Data listing:

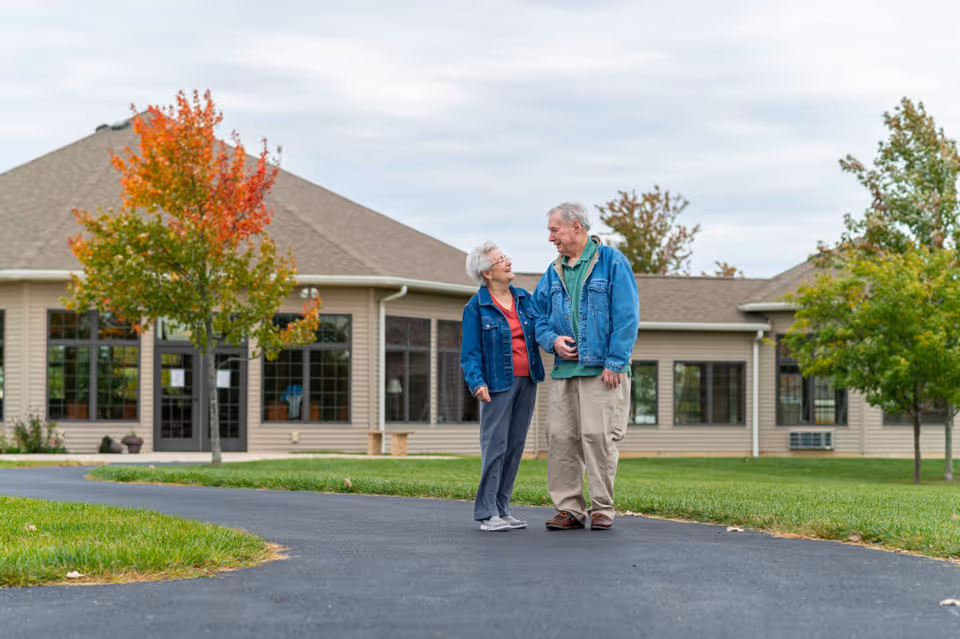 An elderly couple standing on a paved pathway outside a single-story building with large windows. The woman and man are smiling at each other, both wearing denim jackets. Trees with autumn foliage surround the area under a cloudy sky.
...
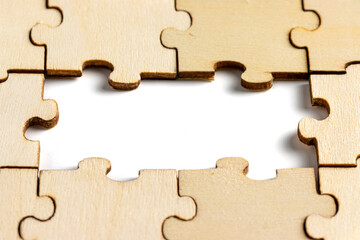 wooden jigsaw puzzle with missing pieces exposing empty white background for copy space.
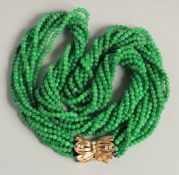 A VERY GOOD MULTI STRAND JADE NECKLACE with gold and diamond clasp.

Assignment: From the line containing "wooden jigsaw puzzle" through the line containing "A VERY GOOD", copy every line above exactly, without pictures.

Exercise result:
 wooden jigsaw puzzle with missing pieces exposing empty white background for copy space.
 A VERY GOOD MULTI STRAND JADE NECKLACE with gold and diamond clasp.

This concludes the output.